Authors: Rowan Coleman
Caitlin walked me down the aisle, which meant a lot to me because even on our wedding day she still couldn’t quite believe that Greg genuinely did love me. When I first told her I was seeing our sexy young builder, she was appalled. She said, ‘It’s some kind of scam, Mum. He’s probably trying to rip you off for money. He’s using you for sex, Mum, because he knows you are desperate.’ And when, after only a few months of being with Greg, I told her I was pregnant: ‘He’ll leave you in the lurch, Mum.’ That’s my girl, always says it how it is, never pretends for the sake of it.
As we walked down the aisle, Caitlin and I held hands like a couple of little girls. She looked stunning, of course, although she was still sulking over the fact that I hadn’t let her wear the little black cocktail dress she’d had her eye on. She was dressed in ivory organza – it floated around her ankles as she walked – and her hair, the dark tumultuous curls she got from her father, fell in soft tresses around her heart-shaped face.

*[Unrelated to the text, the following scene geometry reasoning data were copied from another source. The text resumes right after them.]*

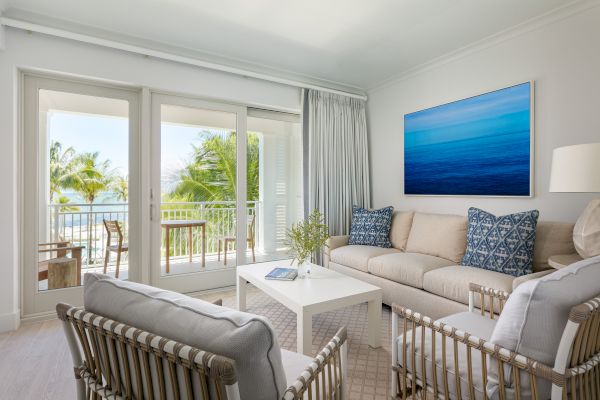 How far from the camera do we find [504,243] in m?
2.43

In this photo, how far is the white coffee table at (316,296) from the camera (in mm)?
1946

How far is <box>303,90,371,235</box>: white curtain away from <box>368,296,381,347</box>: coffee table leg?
73.2 inches

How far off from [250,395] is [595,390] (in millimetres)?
1297

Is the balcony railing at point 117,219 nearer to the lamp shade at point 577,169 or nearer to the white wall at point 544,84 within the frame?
the white wall at point 544,84

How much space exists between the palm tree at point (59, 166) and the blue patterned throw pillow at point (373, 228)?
295cm

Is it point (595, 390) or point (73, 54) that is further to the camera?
point (73, 54)

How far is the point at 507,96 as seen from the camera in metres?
2.87

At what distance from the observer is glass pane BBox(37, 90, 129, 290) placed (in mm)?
2859

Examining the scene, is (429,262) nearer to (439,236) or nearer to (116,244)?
(439,236)

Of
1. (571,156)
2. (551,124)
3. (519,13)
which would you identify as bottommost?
(571,156)

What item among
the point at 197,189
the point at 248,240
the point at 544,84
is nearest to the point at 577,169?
the point at 544,84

The ceremony took place in a room with a full-length window of diamond-paned glass that looked out across the ocean, which was just as blue and as sparkly as I wanted it to be. I could see tiny white sails on the horizon, little boats far out at sea, bobbing
away completely oblivious to this, the happiest moment in my life. But even so, I felt like those tiny boats, miles and miles away, were part of my wedding too. And so was the sun, and the stars beyond it, which sounds a bit over the top and a little crazy. But that was how I felt: like the centre of all existence.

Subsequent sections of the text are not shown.